Después de mucho tiempo, volví a encontrarme con Jaime Tereba, más conocido como El Diablo, artista urbano, escultor, pintor y profundo defensor de la cultura moxeña ignaciana. Lo conozco desde hace más de dos décadas. Durante años, visitó el Centro San Isidro, donde contribuyó desde el arte a un sueño colectivo: convertir ese espacio en el primer Barrio Cultural y Deportivo de Bolivia.

Nuestro reencuentro comenzó con una promesa. La noche anterior, en una conversación intensa y honesta, me comprometí a visitar su casa, su taller, su galería… su refugio. Me habló del esfuerzo que implicó levantar su propio techo. Hablamos entonces del poder de la palabra. Coincidimos en algo esencial: las personas de bien somos seres de palabra.

Al día siguiente, a las cinco de la tarde, me preparé para cumplir lo pactado. Le escribí para confirmar, y su respuesta fue directa:

—¿Vas a cumplir tu palabra?

—Claro que sí —le respondí—, mándame la ubicación.

Yo estaba en el centro de Santa Cruz de la Sierra. Al abrir el mapa que me envió por WhatsApp, me di cuenta de que su casa estaba lejos, muy lejos: a más de una hora de viaje. Pero un compromiso es un compromiso, y emprendí camino.

Atravesé la rotonda del Plan 3000, tomé la avenida Paurito, pasé frente a El Castillo, crucé el mercado Los Pocitos, el bullicioso mercado del Quior, y llegué al Gallito. Doblé a la derecha, seguí por la avenida Santa Cruz, me interné en el distrito 12, pasé por el colegio Senobia Aponte y, tras un kilómetro de calles de tierra, divisé a lo lejos unas plantas, una pared pintada con un mural vibrante y dos esculturas de madera de gran tamaño.

No había duda: era la casa de un artista.

Jaime me recibió tallando un tronco. Saludé a Esther, su compañera de vida, a quien también conozco desde aquellos años fundacionales. Estaban sus hijas, y en ese ambiente íntimo, entre madera, pigmentos, libros y sueños, recorrimos su casa y su galería. “Aquí está mi casa”, me dijo, “pero también mi sueño”. Me compartió su mundo.

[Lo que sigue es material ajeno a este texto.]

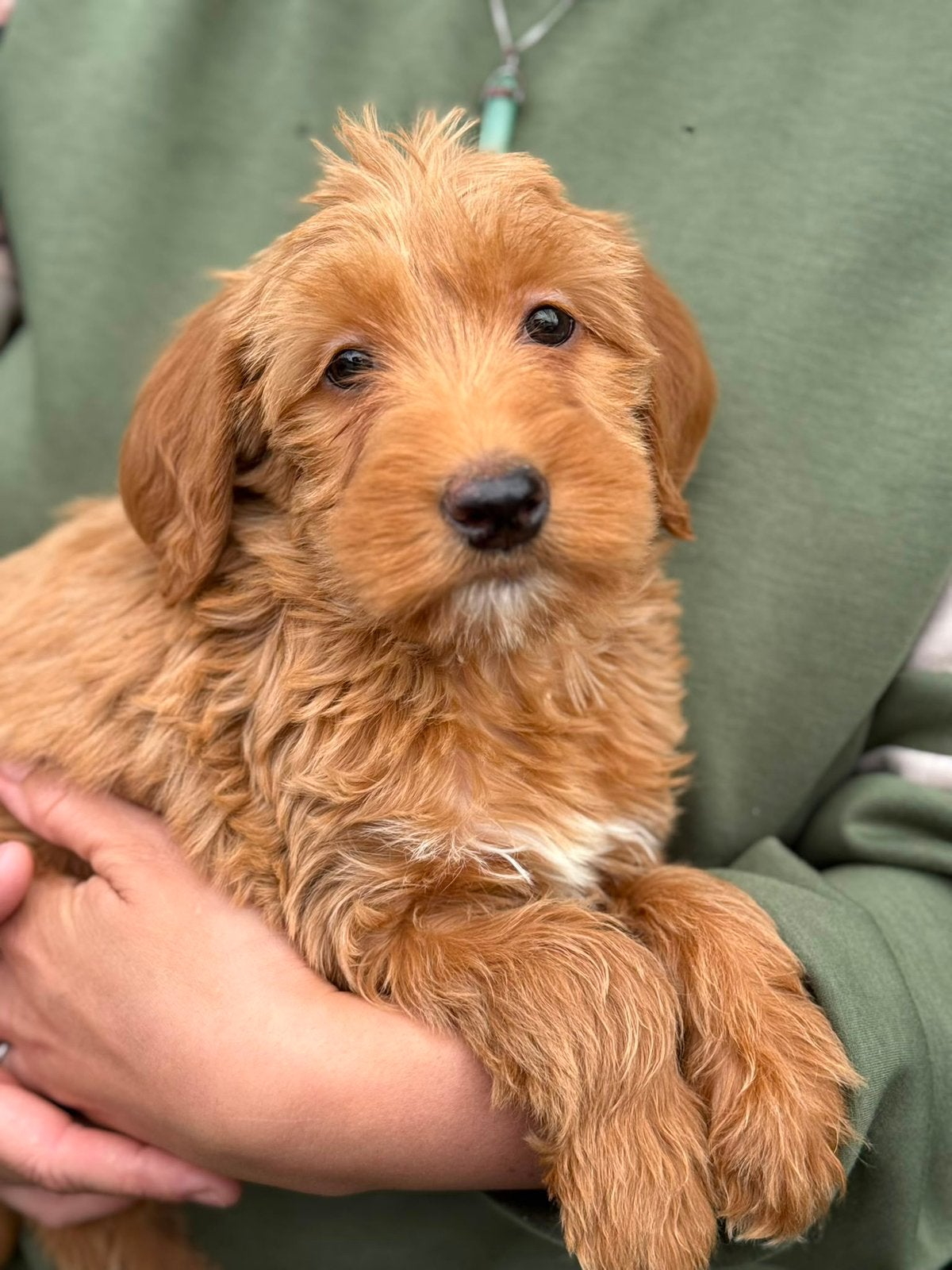 Medium labradoodle pups te koop! Mogen nest verlaten!, Parvo, Overige rassen, 8 tot 15 weken, Meerdere
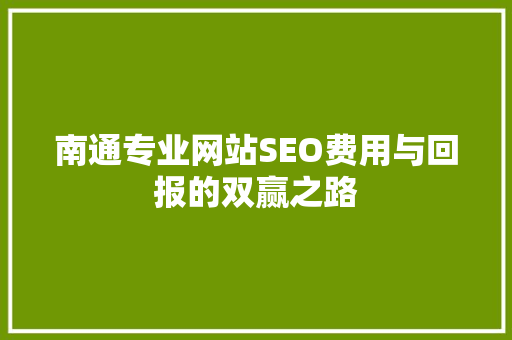 南通专业网站SEO费用与回报的双赢之路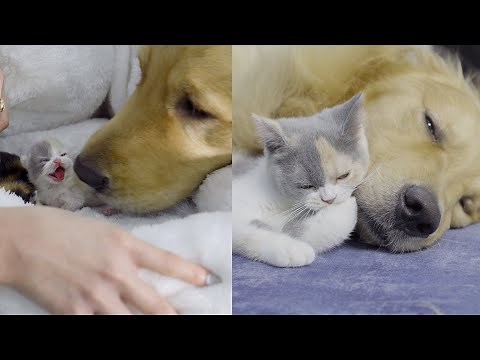 ゴールデンレトリバーに育てらた子猫が大きくなったらこうなりました。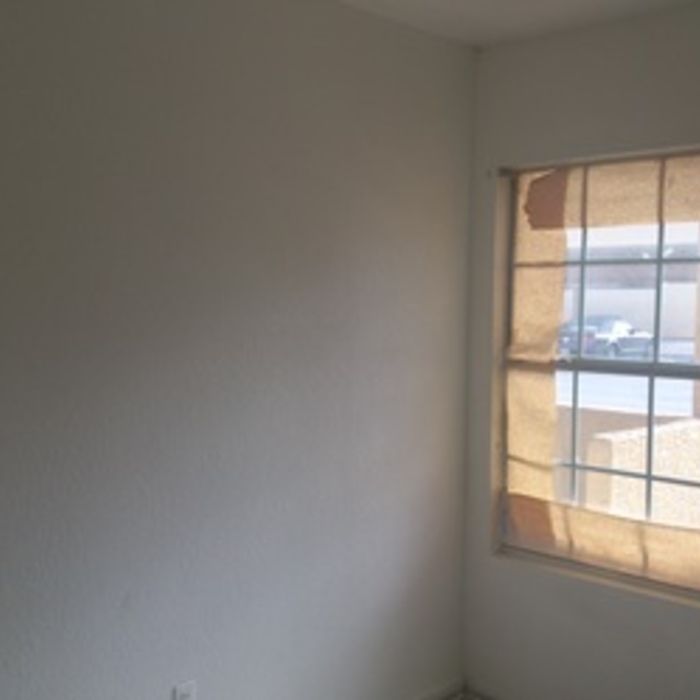 Painting unit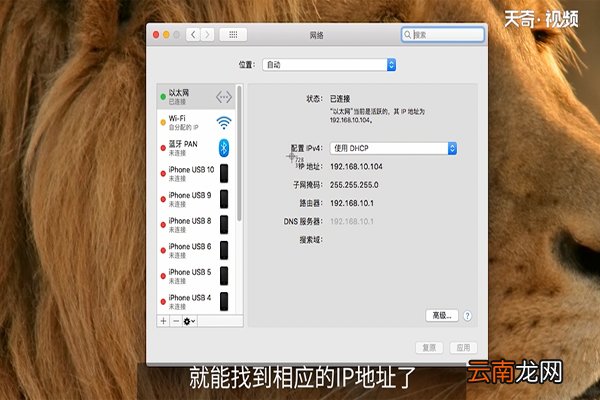 mac怎么查询ip地址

Hablamos de todo: de la cultura moxeña ignaciana, de la Ichapekene Piesta —la gran fiesta de San Ignacio de Moxos, reconocida como Patrimonio Cultural Inmaterial de la Humanidad por la UNESCO—, de los Achus, los míticos personajes danzantes de la celebración. Jaime es uno de ellos. Año tras año, se compromete con su comunidad: dona insumos, gestiona recursos, promueve el compartir en los días de fiesta. Este año, junto a otros artistas, prepara una serie de actividades en Santa Cruz para recaudar víveres y fondos que serán destinados al pueblo indígena moxeño.

Me mostró libros, pinturas, esculturas. Su galería no es solo un espacio de exhibición: es un manifiesto vital. Un testimonio de lucha, identidad y resistencia cultural.

La noche cayó casi sin darnos cuenta. El frío empezó a calar los huesos. Era hora de marcharme, pero me fui distinto. Como ocurre cuando uno entra en contacto con la palabra viva, con la memoria hecha arte, con los gestos silenciosos pero profundos de quienes no olvidan de dónde vienen.

El Diablo sigue allí, fiel a su nombre y a su causa: irreverente, creador, guardián del fuego ancestral que no se apaga.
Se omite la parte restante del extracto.